The other day at the gym I suddenly realized I was staring right at the subject of a new ShelfTalker post. No, it wasn’t Spandex that caught my eye (though I’ve love to try to find a way to work in THAT theme!). It was my water bottle.
My take-to-the-gym water bottle happens to be one that I purchased a few years ago at Powell’s, the venerable independent bookselling institution headquartered in Portland, Ore. Powell’s sells several different water bottles (mystery, outdoor lit, modern art, mathematics, philosophy, literature), but the one I own (go figure) is the kids’ bottle, which holds 16 ounces of liquid, making it half the size of the others.

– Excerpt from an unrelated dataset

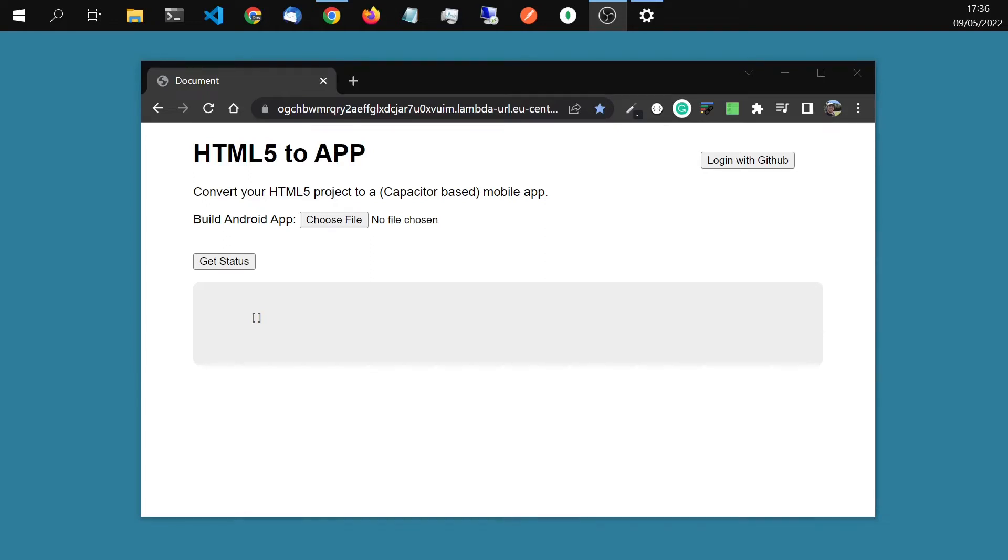Hello, I quickly want to show you the website I've built last week. You can upload HTML5 apps and games and it will convert it to an Android app and later iOS as well.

Below is a photo of my Powell’s bottle on a (shamefully dusty… how embarrassing) bookshelf. It looks like a typical 16 oz. Nalgene bottle, no?

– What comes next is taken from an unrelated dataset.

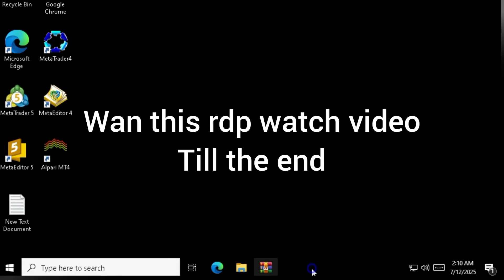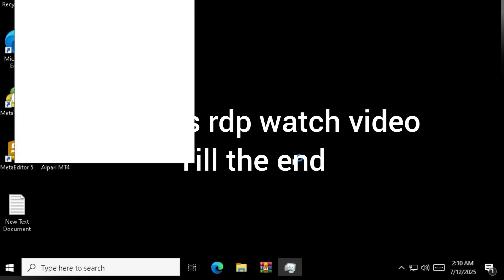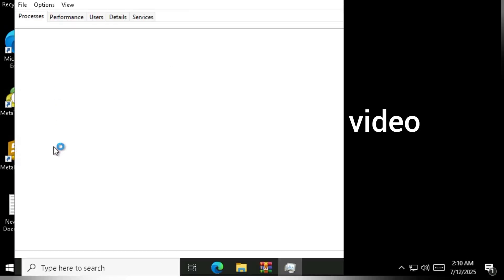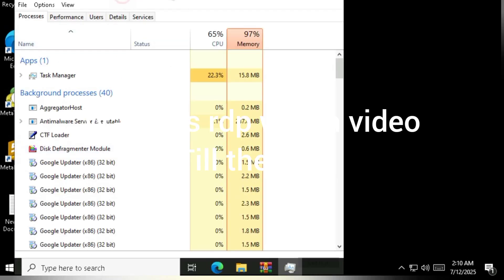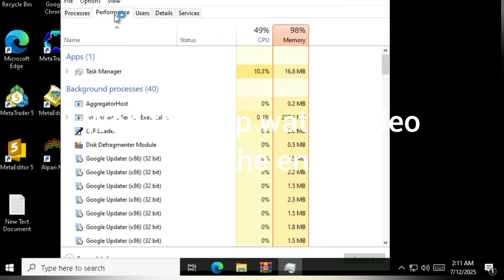Today, I've got something super useful for you. I'm going to show you step-by-step how to get a Windows RDP completely for free. Yes, 100% free, no sketchy stuff.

No indeed! This is not a typical Nalgene bottle. If you read the fine print on the front side, you see that the details look like this:
In case you can’t comfortably read those details, I’ve reprinted them for you here:
Suggested Serving Sizes:
Serving Size: 15 pages
Servings Per Bottle: About 4
Suggested Daily Reading *
*Serving sizes are based on a 60 page per week diet
The fluid ounce markings on the back of the bottle, though, are what I think REALLY sets this one apart. Beside each of the fluid ounce markings is the name of an author whose books are typically read by kids at the age corresponding with that number:
Again, in case it’s too small to read on your monitor, the printing looks like this (from the bottom to the top):
At the 4 ounce mark = Seuss
At the 6 ounce mark = Sendak
At the 8 ounce mark = Lobel
At the 10 ounce mark = Pilkey
At the 12 ounce mark = Cleary
At the 14 ounce mark = L’Engle
At the 16 ounce mark = Hinton
I’m assuming "Lobel" refers to Arnold, but who says Anita can’t take the credit? I could quibble a bit over the idea that 12 year-olds are reading Beverly Cleary, but why bother? Cleary grew up in Portland, so I certainly don’t question the need to have her name *somewhere* on this vessel. Besides that, does anyone ever really outgrow Ramona Quimby?
Still, every time I look at that bottle I try to figure out who I’d put beside each of those volume markings, were I in charge of a similar bottle’s creation. It’s pretty hard to whittle down the list of potential names to just one per age level! Who would make it onto YOUR bottle list?